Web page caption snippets
Start of Block

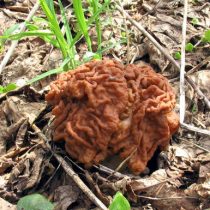 Cтрочок гигантский (Gyromitra gigas) Cтрочок гигантский (Gyromitra gigas)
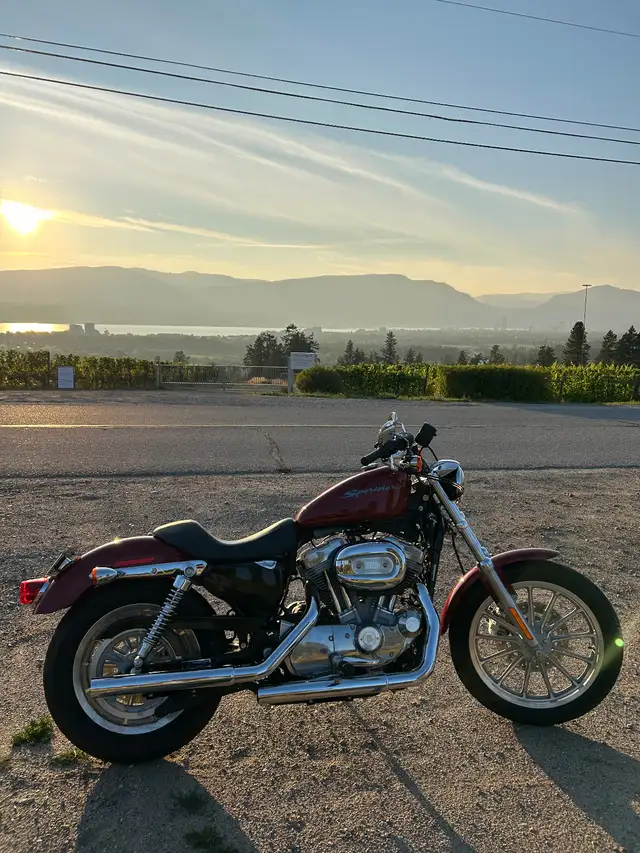 2007  Harley Davidson Sportster xl883 in Street, Cruisers & Choppers in Kelowna - Image 3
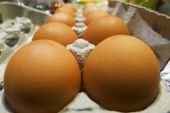 Τρώμε 300 εκατ. αυγά Τουρκίας, Βουλγαρίας και Ρουμανίας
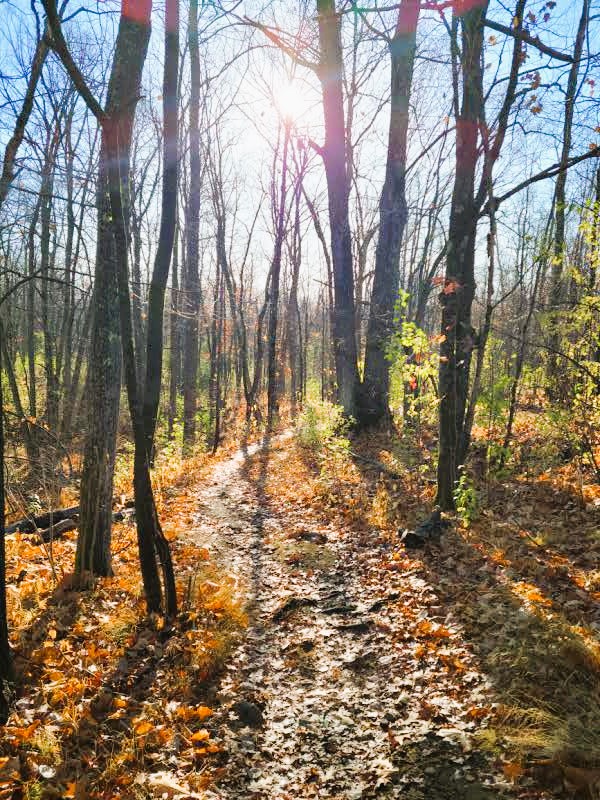 A path through trees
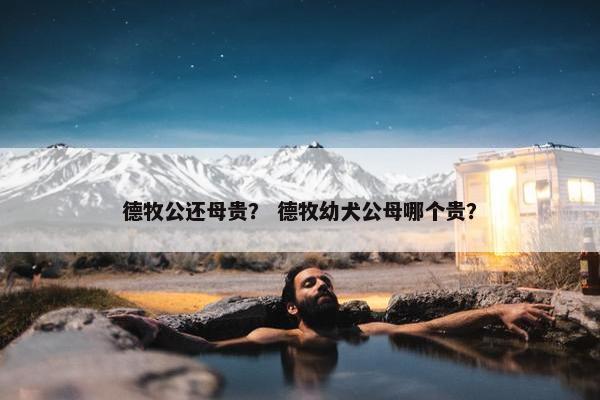 德牧公还母贵？ 德牧幼犬公母哪个贵？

End of Block

WHAT YOU SHOULD DO ▸
Leave the pictures behind and transcribe every record above exactly.

ANSWER BOX ▸
 Cтрочок гигантский (Gyromitra gigas) Cтрочок гигантский (Gyromitra gigas)
 2007  Harley Davidson Sportster xl883 in Street, Cruisers & Choppers in Kelowna - Image 3
 Τρώμε 300 εκατ. αυγά Τουρκίας, Βουλγαρίας και Ρουμανίας
 A path through trees
 德牧公还母贵？ 德牧幼犬公母哪个贵？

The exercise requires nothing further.